Starke Industrie-Mainboards Mit x86-SoC als Triebwerk

System-on-a-Chip (SoC) auf Basis der verbreiteten x86-Architektur vereinen CPU, GPU und I/O-Controller in einem kompakten Modul. Sie bilden die Grundlage für fortschrittliche Embedded-Computer, die für industrielle und semi-industrielle Anwendungen klare Vorteile liefern.

von Thomas Schrefel, Produktmanager Embedded bei Fortec Elektronik.

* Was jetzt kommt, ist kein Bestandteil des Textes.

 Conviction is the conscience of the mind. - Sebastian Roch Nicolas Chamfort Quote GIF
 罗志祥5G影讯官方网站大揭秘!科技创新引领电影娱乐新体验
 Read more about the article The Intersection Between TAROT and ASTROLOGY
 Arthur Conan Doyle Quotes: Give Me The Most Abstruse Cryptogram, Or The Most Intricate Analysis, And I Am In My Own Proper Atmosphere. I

Viele industrielle Anwendungen, zum Beispiel in der Automatisierungstechnik oder bei Mensch-Maschine-Schnittstellen (Human Machine Interfaces, HMI) sowie semi-industrielle Applikationen in der Medizin- und Messtechnik oder im Transportwesen benötigen viel Rechenleistung auf engstem Raum. Für Kühlmaßnahmen ist meist wenig Platz. Gleichzeitig müssen einige Applikationen in einem Temperaturbereich von typisch 0 bis +60 °C anstandslos funktionieren.

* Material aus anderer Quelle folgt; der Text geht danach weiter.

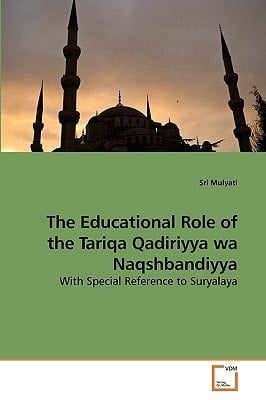 The Educational Role of the Tariqa Qadiriyya wa Naqshbandiyya: With Special Reference to Suryalaya
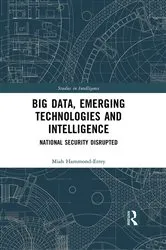 Book cover of Big Data, Emerging Technologies and Intelligence by Miah Hammond-Errey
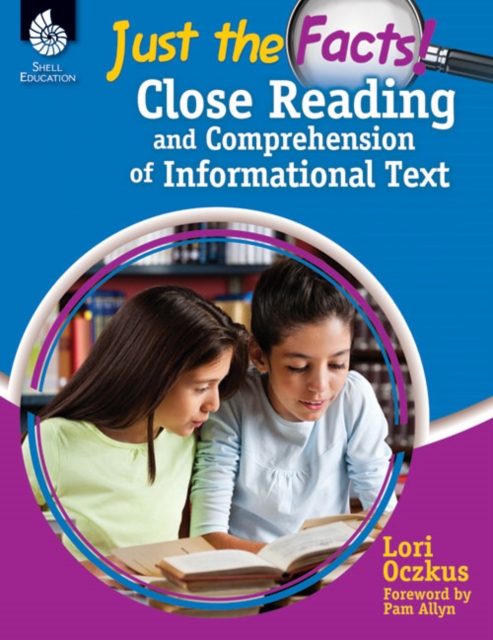 Just the Facts : Close Reading and Comprehension of Informational Text, PDF eBook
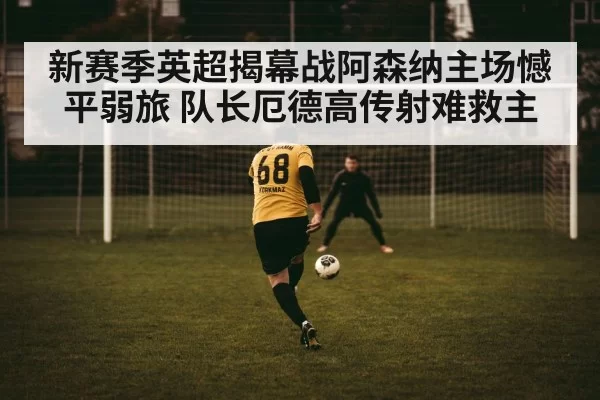新赛季英超揭幕战阿森纳主场憾平弱旅 队长厄德高传射难救主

Hier sind robuste, leistungsstarke und energieeffiziente Embedded-Computer mit kompakten Bauformen gefragt. Single-Board-Computer (SBC) wie der "IB899" von iBase (Vertrieb: Fortec Elektronik) meistern diesen Spagat (Bild oben). Der SBC hat inklusive aller Steckplätze die Größe einer herkömmlichen 3,5-Zoll-Festplatte, sein industrielles Embedded-Mainboard ist 102 mm × 147 mm groß.

Auf einer Fläche von 25 mm × 27 mm vereint sein SoC-Modul Haupt- und Grafikprozessor sowie Chipsatz - und damit bereits einen Großteil der Funktionen der x86-Architektur. Möglich macht dies die Fertigung in 14-nm-Prozesstechnik - ein Meilenstein. Andere Hersteller im Embedded-Bereich verwenden oft noch CPUs mit 28-nm-Technik, was den Footprint der Module deutlich vergrößert.

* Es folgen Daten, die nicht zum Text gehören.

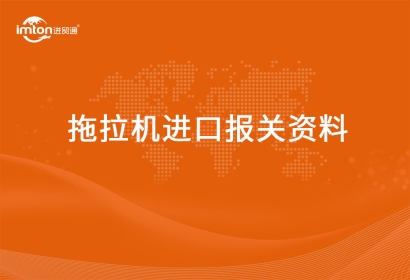 進(jìn)口拖拉機報關(guān)代理資料有哪些？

Die iBase-Plattform IB899 ist derzeit in zwei Varianten verfügbar: als "IB899-370" mit Intels "Pentium N3700"-Prozessor mit mehr Rechenleistung und als "IB899-300" mit sparsamem "Celeron N3000". Der Pentium taktet seine vier Kerne mit 1,6 GHz bis 2,4 GHz und nimmt typisch 4 W auf, seine maximale Verlustleistung (Thermal Design Power, TDP) liegt bei 6 W. Der Celeron hat zwei Kerne, taktet mit bis zu 2,08 GHz und nimmt maximal 4 W auf. Die Energie speist eine Stromversorgung mit einem Spannungsbereich von 12 V bis 24 V ein. Der integrierte I/O-Controller unterstützt alle wichtigen Schnittstellen, zum Beispiel SATA, mSATA sowie 2 × USB 2.0 und 4 × USB 3.0, 2 × Gigabit-LAN, 1 × RS232 und 1 × RS-232/422/485. Zwei Mini-PCIe-Expansion-Slots nehmen eine Full-Size- und eine Half-Size-Erweiterungskarte auf. Somit sind die SBCs recht flexibel für unterschiedlichste Applikationen nutzbar.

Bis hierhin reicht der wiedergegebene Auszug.